Pembakaran buku belum lama ini, menurut Ketua Komnas HAM Ifdal Kasim, juga merupakan usaha mempertahankan
penafsiran tunggal sejarah. Juga ancaman, somasi, atau apa pun bentuknya yang dilayangkan kepada pihak-pihak yang
berupaya menelusuri masa lalu guna mendapatkan gambaran yang lebih padu mengenai sejarah bangsa ini.
Gambaran yang terobek itu adalah sejarah tentang Gerakan Wanita Indonesia (Gerwani), yang menurut ilmuwan politik
dari Universitas Cornell, AS, Ruth McVey, dihilangkan dari sejarah Indonesia meski berbagai fakta mengungkapkan,
sebelum tahun 1965 gerakan perempuan di Indonesia termasuk yang paling progresif di dunia.
Penelitian antropolog Belanda, Saskia E Wieringa, seperti dipaparkan dalam buku Penghancuran Gerakan Perempuan di
Indonesia (1999) menyimpulkan fitnah seksual 1965-1966 tentang kastrasi terhadap para jenderal dalam "pesta harum
bunga" itu tidak hanya bohong, tetapi juga menyatakan sesuatu tentang latar belakang oposisi seksual. Atas dasar itu,
konsepsi politik—dalam hal ini lahirnya Orde baru—bisa berlangsung.
Terus bersembunyi
Kebencian dan rasa jijik terhadap para mantan anggota Gerwani yang terus dikobarkan itu menciptakan situasi dramatis
yang berlangsung begitu panjang. Korban terus berupaya menyembunyikan identitasnya, bahkan kepada anggota
keluarga. Mereka menghindar dari sorotan media. Kalaupun bersedia mengungkapkan pengalamannya, mereka harus
membungkus identitasnya dengan ketat.
Hal ini bukan tidak beralasan. Rumah kontrakan almarhumah Sulami, salah satu tokoh Gerwani, dirusak massa tak lama
setelah namanya ditulis media sehubungan dengan kunjungan istri mantan Presiden Perancis, Ny Danielle Mitterand,
tahun 2000.
Sudjinah menolak ditulis profilnya di satu harian nasional ketika kumpulan cerita pendeknya, In Jakarta Prison, Life Stories
of Women Inmates diterbitkan Yayasan Lontar tahun 2000 karena takut tetangganya tahu siapa dirinya.

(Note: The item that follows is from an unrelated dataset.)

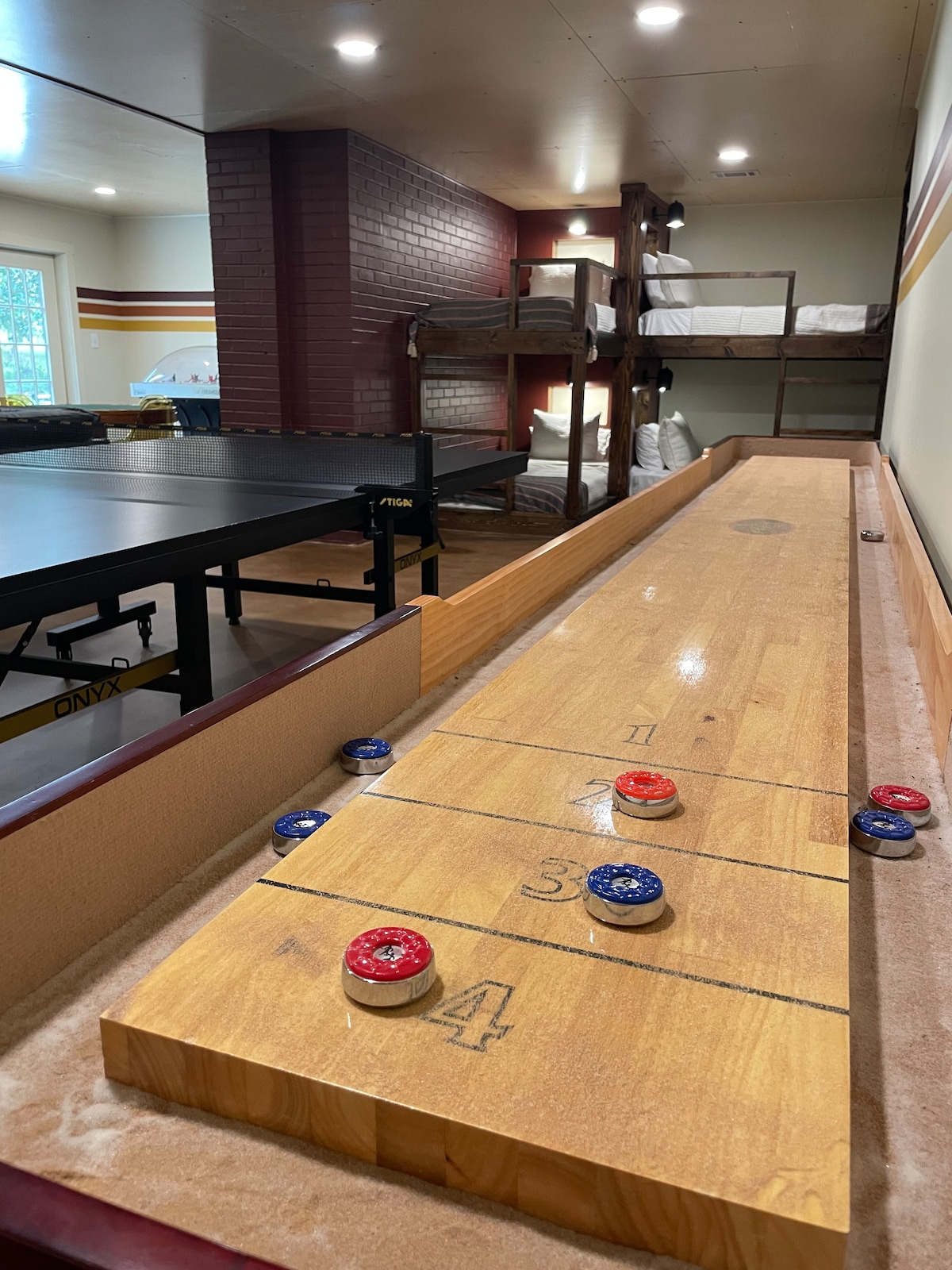 Stunning Private Game Room Apartments Off The Grid For Rent image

Padahal, menurut Agung Putri, ia adalah pelaku sejarah yang penting, khususnya dalam proses gerakan perempuan.
Sudjinah ikut berjuang dalam perang kemerdekaan. Ia berasal dari keluarga priayi Solo dan menyelesaikan studinya di
Universitas Gadjah Mada Yogyakarta.
Sudjinah mewakili Gerwani dalam berbagai konferensi internasional, termasuk WIDF, the Women’s International
Democratic Federation. Ia kemudian menjadi penerjemah di kantor pusat karena kemahirannya menguasai berbagai
bahasa asing.
Sudjinah ditangkap setelah ketahuan menyebarkan informasi tentang apa yang dilakukan Orde Baru terhadap Bung
Karno, kemudian diadili akhir tahun 1970-an bersama empat perempuan tokoh lainnya. Ia dihukum penjara 18 tahun.
"Isolasinya delapan tahun," ujar Nursyahbani Katjasungkana, aktivis dan anggota DPR yang merasa beruntung pernah
mendengarkan kisahnya secara langsung.
"Di situ ia membuat gambar-gambar di tembok dan mengajak gambar-gambar itu bicara," sambungnya. Aktivis Ita Nadia
kehilangan kata-kata untuk menggambarkan kejinya perlakuan terhadap Sudjinah selama ditahan dan dipenjara.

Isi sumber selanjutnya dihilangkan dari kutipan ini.